For HertzBeat integration, ensure at least:

  • FE MySQL service port is reachable (default 9030)
  • FE HTTP service port is reachable (default 8030)

Note: Install MySQL JDBC Driver Jar

Prerequisites

  1. Doris FE and BE are running normally.
  2. HertzBeat can access:
    • FE MySQL port (default 9030) for metadata/query
    • FE HTTP port (default 8030) for Stream Load
  3. The configured Doris user has permission to create database/table and insert/query data.

Configure Doris in HertzBeat application.yml

  1. Edit hertzbeat/config/application.yml.

    For Docker deployment, mount the config file from host. For package deployment, modify hertzbeat/config/application.yml directly.

  2. Configure warehouse.store.doris (Production Environment Recommended using Stream Load Mode):

warehouse:
store:
doris:
enabled: true
# FE MySQL endpoint
url: jdbc:mysql://127.0.0.1:9030
username: root
password:

table-config:
# Enable dynamic partition for automatic expiration
enable-partition: true
# HOUR / DAY / MONTH
partition-time-unit: DAY
# Number of history partitions to keep
partition-retention-days: 30
# Number of future partitions to pre-create
partition-future-days: 3
buckets: 8
replication-num: 3

pool-config:
minimum-idle: 5
maximum-pool-size: 20
connection-timeout: 30000

write-config:
# Strongly recommend stream mode in production for high throughput
write-mode: stream
batch-size: 1000
flush-interval: 5
stream-load-config:
# FE HTTP port
http-port: ":8030"
timeout: 60
max-bytes-per-batch: 10485760
# For complex networks (K8s/cross-domain): direct / public / private
redirect-policy: ""

Switching to Stream Load Mode

Production Environment Configuration

For production deployments, strongly recommend using Stream Load mode to ensure high-performance large-scale writes. Stream Load writes directly to Doris storage layer, providing better throughput improvement compared to JDBC mode.

Pre-Switch Checklist

  1. Network Reachability

    • Ensure HertzBeat can access Doris FE HTTP port (default 8030)
    • If direct connection is not possible, configure BE endpoint labels in Doris
  2. Special Configuration for Complex Network Scenarios

    In K8s, cross-domain, or load-balanced environments, Stream Load's redirect mechanism requires special attention:

    • FE redirects requests to an available BE, which must be reachable from HertzBeat
    • Control returned BE address type via redirect-policy:
      • direct: Direct BE IP connection
      • public: Use public IP (cloud environments)
      • private: Use private IP (private networks)
      • Leave empty to use Doris default policy

    Reference: Doris Stream Load in Complex Networks

Switching Steps

  1. Modify Configuration File

    Edit hertzbeat/config/application.yml and change write-mode to stream:

    warehouse:
    store:
    doris:
    write-config:
    write-mode: stream # Change here: from jdbc to stream
    stream-load-config:
    http-port: ":8030"
    timeout: 60
    max-bytes-per-batch: 10485760
    redirect-policy: "" # Configure if complex network
  2. Restart HertzBeat Service

  3. Verify Successful Switch

Check HertzBeat logs for Stream Load messages

Common Switching Questions

Q: Do I need to rebuild tables after switching?

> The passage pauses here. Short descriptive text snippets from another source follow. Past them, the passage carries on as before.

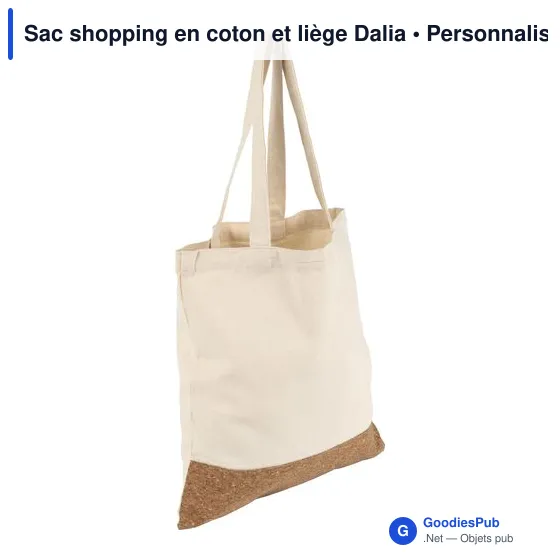 Sac shopping personnalisable en coton et liège Dalia avec logo - Image 6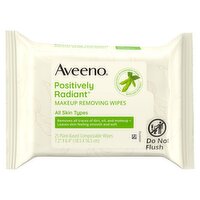 Aveeno Positively Radiant Makeup Removing Wipes, 25 count, 25 Each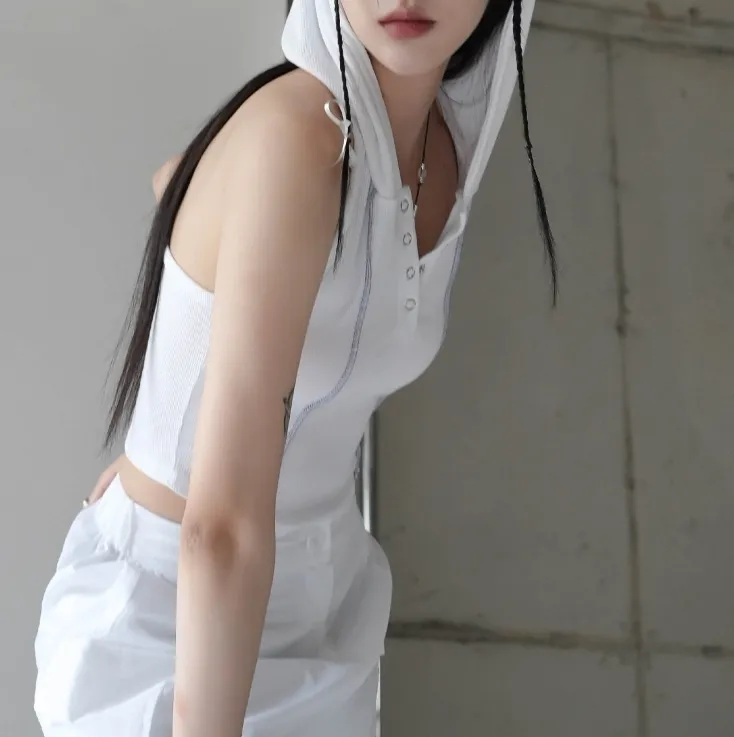 Binary01  |Sleeveless Halter Neck Street Style Plain Cotton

A: No. Stream Load and JDBC modes use the same table structure, fully compatible.

Q: Will data be lost when switching from JDBC to Stream Load?

A: No. Both write modes are independent, historical data remains unchanged.

Q: How do I rollback if Stream Load fails?

A: If the stream processing fails, it will automatically try to use the jdbc mode for fallback writing

Q: Still getting timeouts in cross-network setup with redirect-policy configured?

A: Possible causes:

  • Returned BE address under current redirect-policy setting is unreachable
  • Try different redirect-policy values (direct / public / private)
  • Contact Doris admin to verify BE endpoint label configuration

Parameter Notes

ParameterDescription
enabledEnable/disable Doris storage
urlDoris FE MySQL JDBC endpoint
table-config.enable-partitionEnable dynamic partition and automatic expiration
table-config.partition-time-unitPartition granularity: HOUR / DAY / MONTH
table-config.partition-retention-daysNumber of partitions retained
table-config.partition-future-daysNumber of future partitions pre-created
table-config.bucketsBucket count for table distribution
table-config.replication-numReplica count
write-config.write-modejdbc or stream
write-config.batch-sizeWrite batch size
write-config.flush-intervalFlush interval in seconds
stream-load-config.http-portDoris FE HTTP port for Stream Load
stream-load-config.timeoutStream Load timeout in seconds
stream-load-config.max-bytes-per-batchMax bytes per stream-load batch
stream-load-config.redirect-policyRedirect policy for FE->BE endpoint selection: direct / public / private

Restart HertzBeat

After configuration changes, restart HertzBeat to apply Doris storage settings.

Verify Doris Storage Is Working

  1. Check HertzBeat logs for Stream Load success messages.
  2. Verify database and tables:
SHOW CREATE TABLE hertzbeat.hzb_history;
SHOW CREATE TABLE hertzbeat.hzb_log;
  1. If partition is enabled, check dynamic partition state:
SHOW DYNAMIC PARTITION TABLES FROM hertzbeat;
SHOW PARTITIONS FROM hertzbeat.hzb_history;
SHOW PARTITIONS FROM hertzbeat.hzb_log;

FAQ

  1. Do I need to enable partition to use bucket distribution?

    No. Buckets work with or without dynamic partition. enable-partition only controls dynamic partition and automatic expiration.

  2. Can I use Doris for both metrics and logs at the same time?

    Yes. HertzBeat writes metrics into hzb_history and logs into hzb_log with the same Doris datasource configuration.

  3. If I change partition/bucket settings in application.yml, will existing tables auto-update?

    No. Existing Doris table DDL is not automatically altered. For schema-level changes, apply DDL manually or recreate tables.

  4. Is stream load compression enabled?

    Current implementation uses JSON stream load by default.